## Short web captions
====

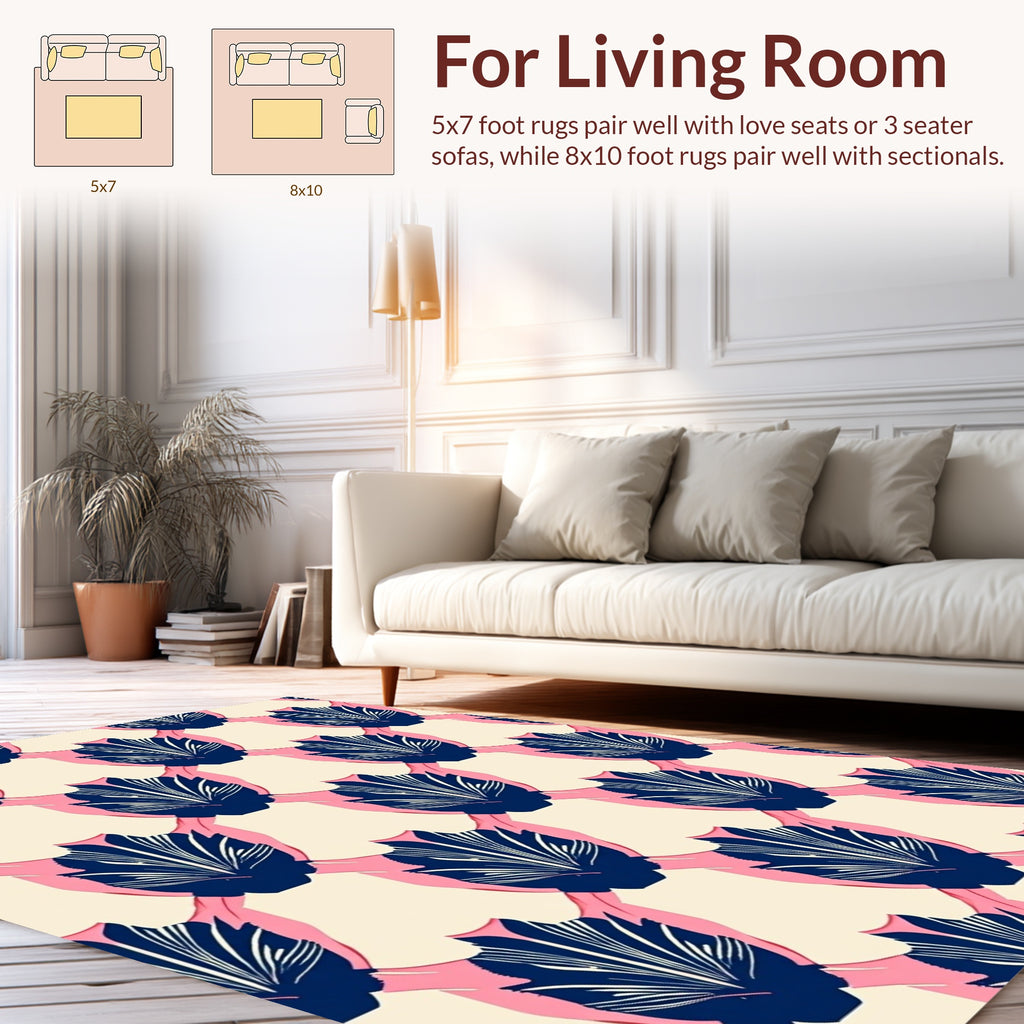 Navy Shell Pattern on Cream Background Rug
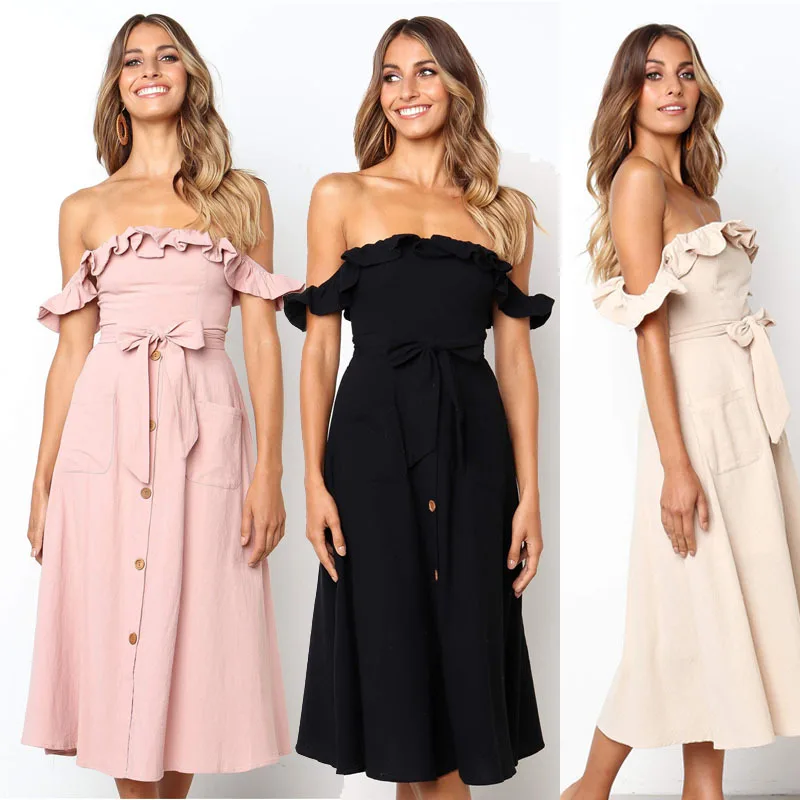 

2021 Summer Sexy Off-Shoulder Ruffled Patchwork Backless Lace-Up Pocket Dress Women Fashion Bow Maxi Dresses Femme Vestido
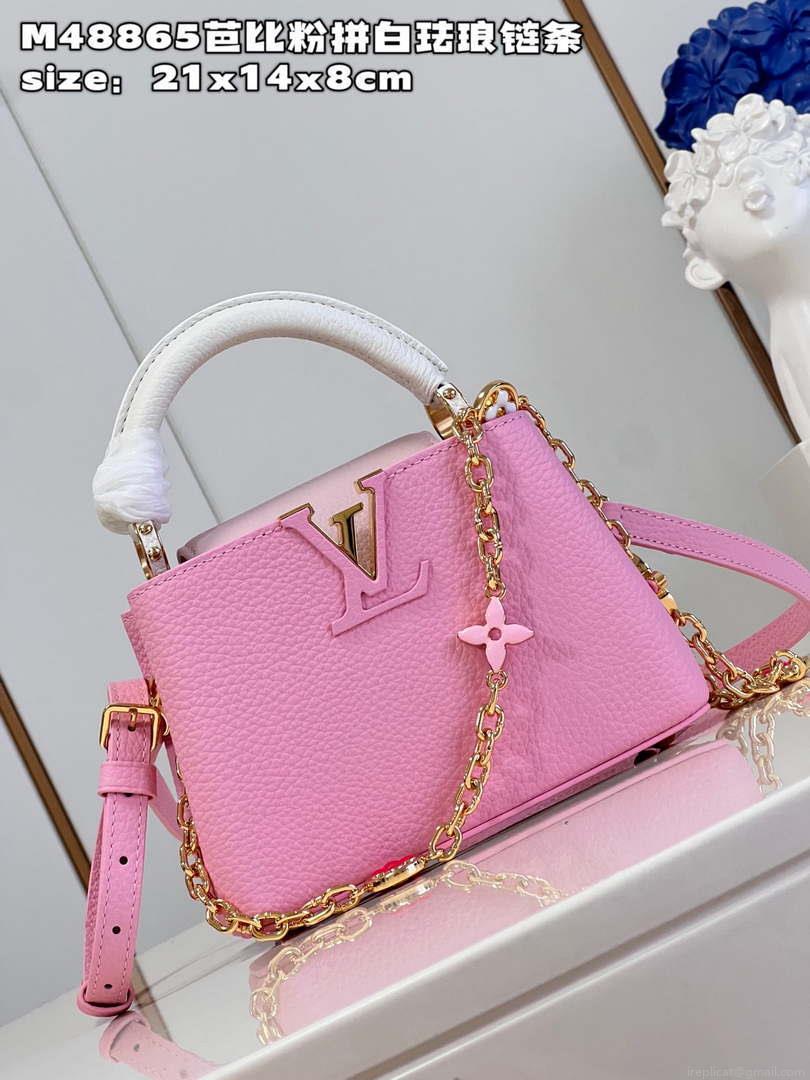 LV M22375 Louis Vuitton Capucines Mini Rose Chamallow Pink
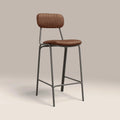 Boston Bar Stool With Backrest | Tan Faux Leather & Gunmetal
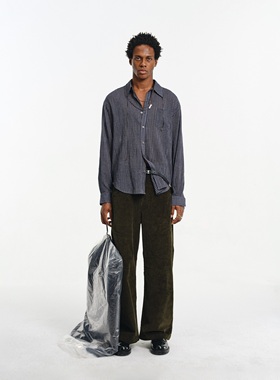 DIMC复古轻薄蓝色格子长袖衬衫 25SS纯棉宽松休闲男生衬衣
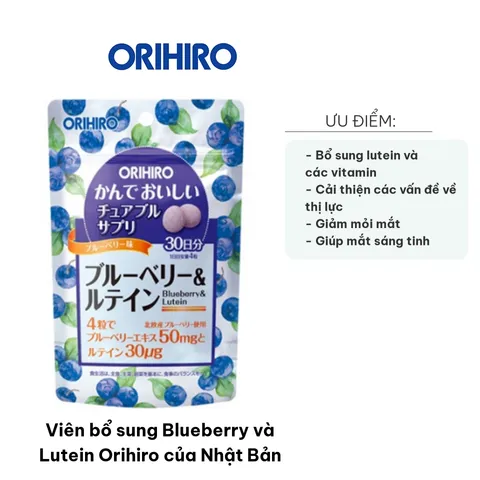 Viên bổ sung Blueberry và Lutein Orihiro Nhật Bản - Hỗ trợ sức khỏe mắt, cải thiện thị lực, viên nhai vị việt quất ngon miệng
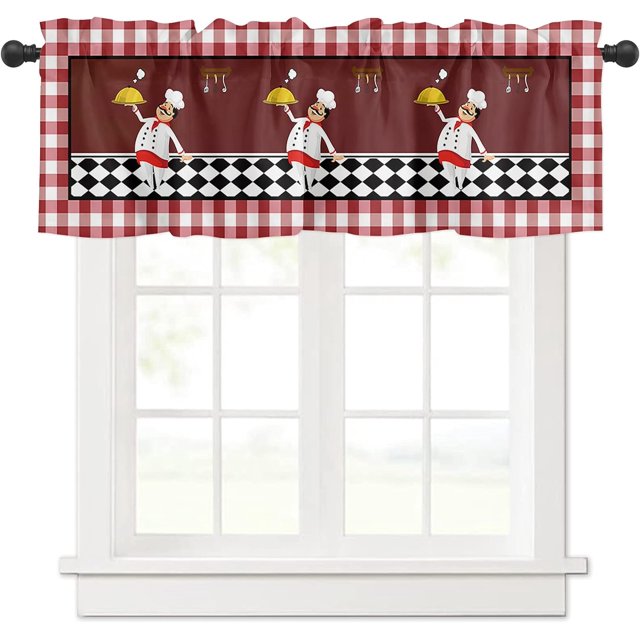 Window Curtains Valance Rod Pocket Curtain Drapery for Living Room Kitchen Bathroom Cartoon Chef Buffalo Plaid Soft&Washable Small Window Treatment Tiers Valances Farmhouse Style 1 Panel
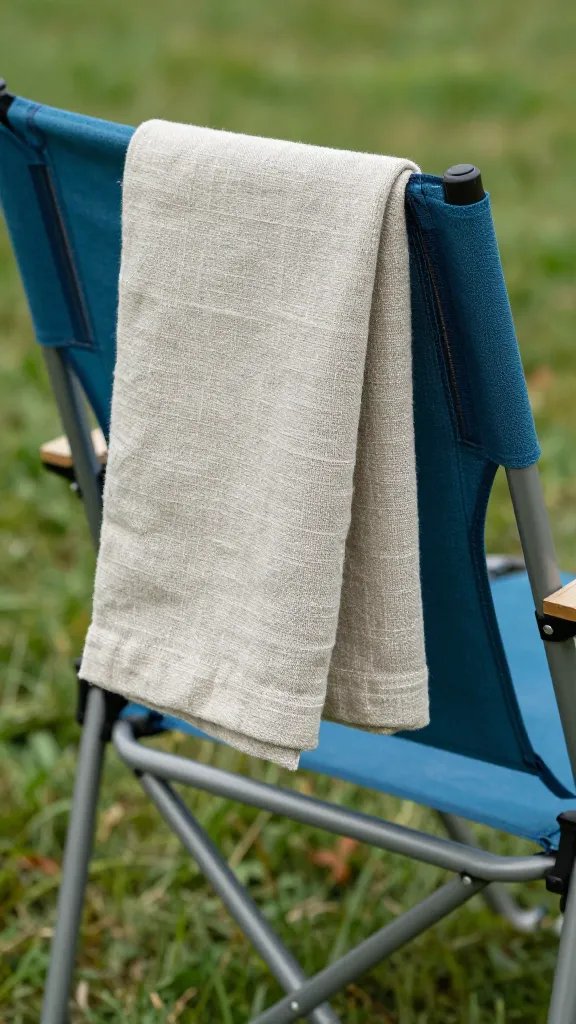 closeup of a folded lawn chair with a linen napkin draped over it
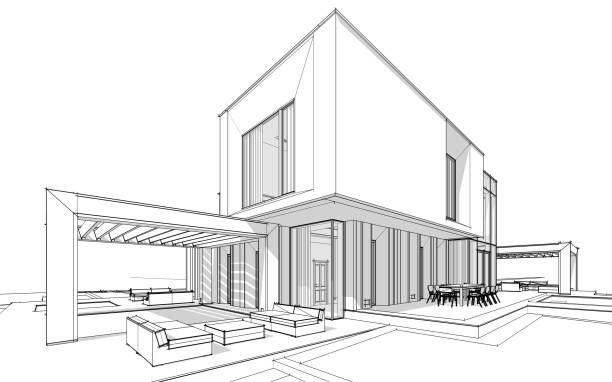 istock 3d rendering sketch of modern cozy house black line sketch. 1062081134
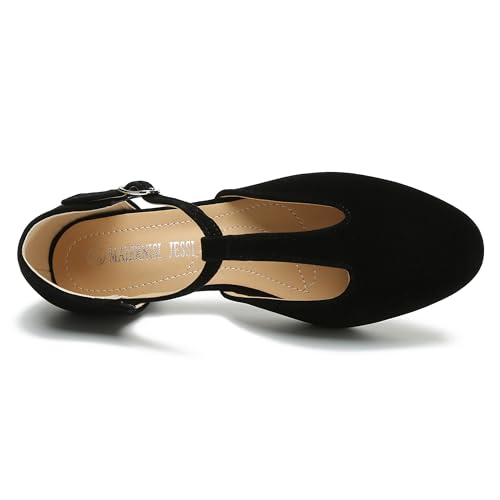 Image of MAIERNISI JESSI Women's T-Strap Mary Jane Pumps, Low Block Heel, Closed Toe, Buckle Ankle Strap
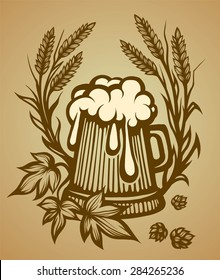 Wooden beer mug with the foam, graphic representation for any design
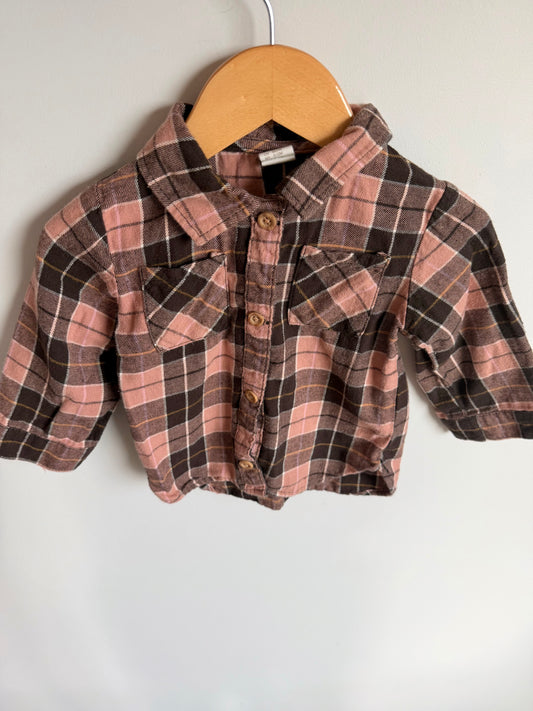Brown + Pink Plaid Top / 9-12m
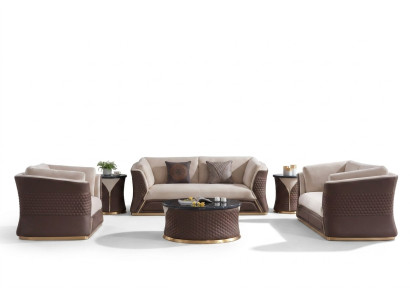 Sofagarnitur 3+2+1 Sitzer Ledersofa Couch Deko Wohnlandschaft Garnitur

====

## PROMPT
An exact copy is needed of every line from the one holding "Brown + Pink Plaid Top / 9-12m" to the end of the entries above, both ends kept and each picture dropped.

## ANSWER AREA
Brown + Pink Plaid Top / 9-12m
 Sofagarnitur 3+2+1 Sitzer Ledersofa Couch Deko Wohnlandschaft Garnitur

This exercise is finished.